• **WHAT TO WORK ON**
Copy the data that follows exactly, and include none of its images.

Start of TASK INPUTS

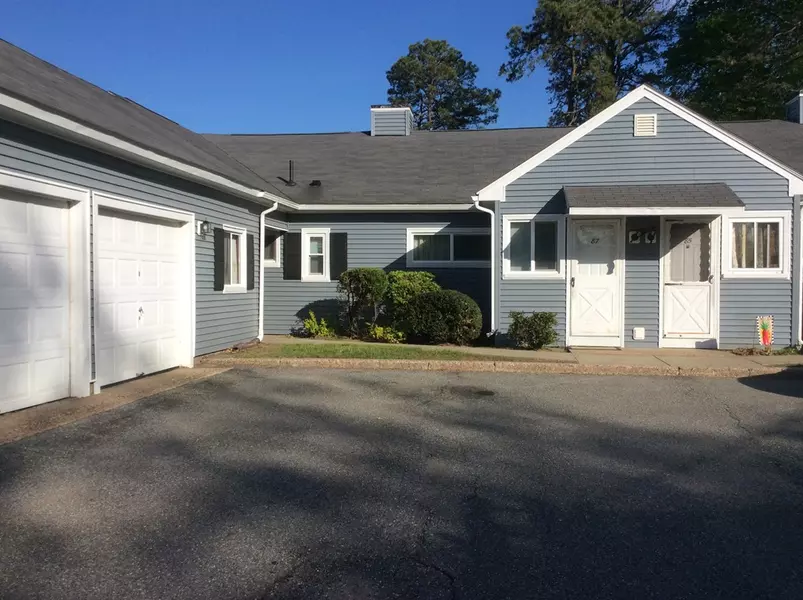 87 Applewood #87, Chicopee, MA 01022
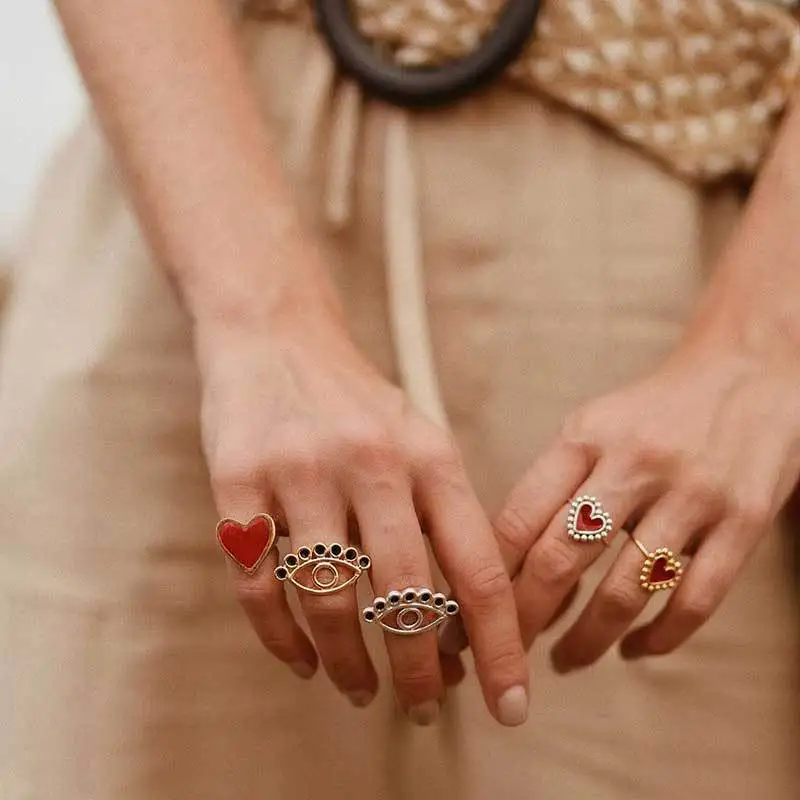 personalized celebrity street shooting trend devil's eye love heart ring fashion dril punk ring female drop oil ring ladies, Picture
personalized celebrity street shooting trend devil's eye love heart ring fashion dril punk ring female drop oil ring ladies, Picture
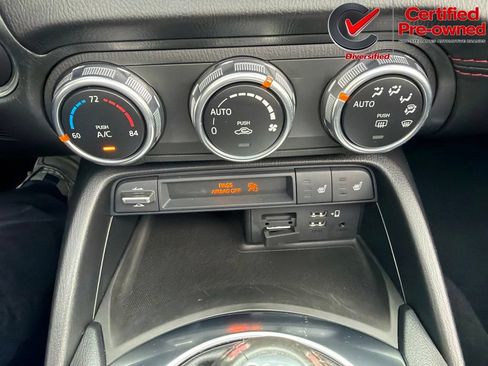 Used 2017 MAZDA MX-5 Miata RF Grand Touring RWD image 52
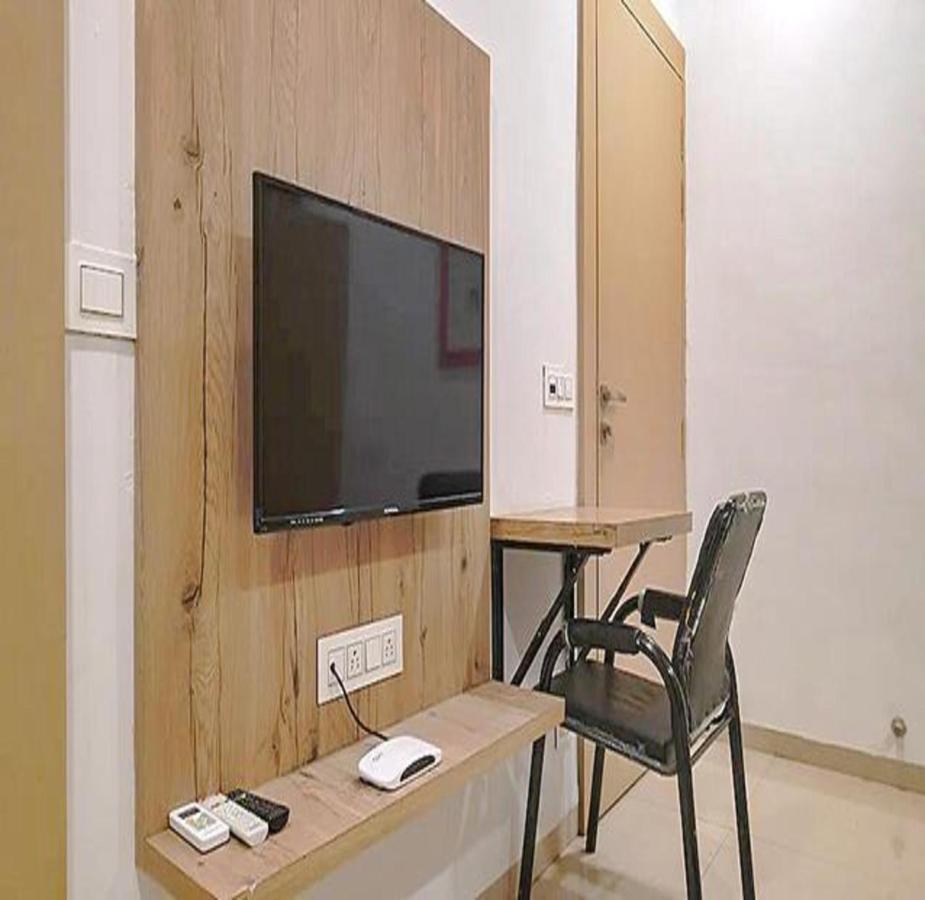 Hrg Destiny Hotels 54 Indore Extérieur photo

End of TASK INPUTS

• **REPLY TO THE EXERCISE**
 87 Applewood #87, Chicopee, MA 01022
 personalized celebrity street shooting trend devil's eye love heart ring fashion dril punk ring female drop oil ring ladies, Picture
personalized celebrity street shooting trend devil's eye love heart ring fashion dril punk ring female drop oil ring ladies, Picture
 Used 2017 MAZDA MX-5 Miata RF Grand Touring RWD image 52
 Hrg Destiny Hotels 54 Indore Extérieur photo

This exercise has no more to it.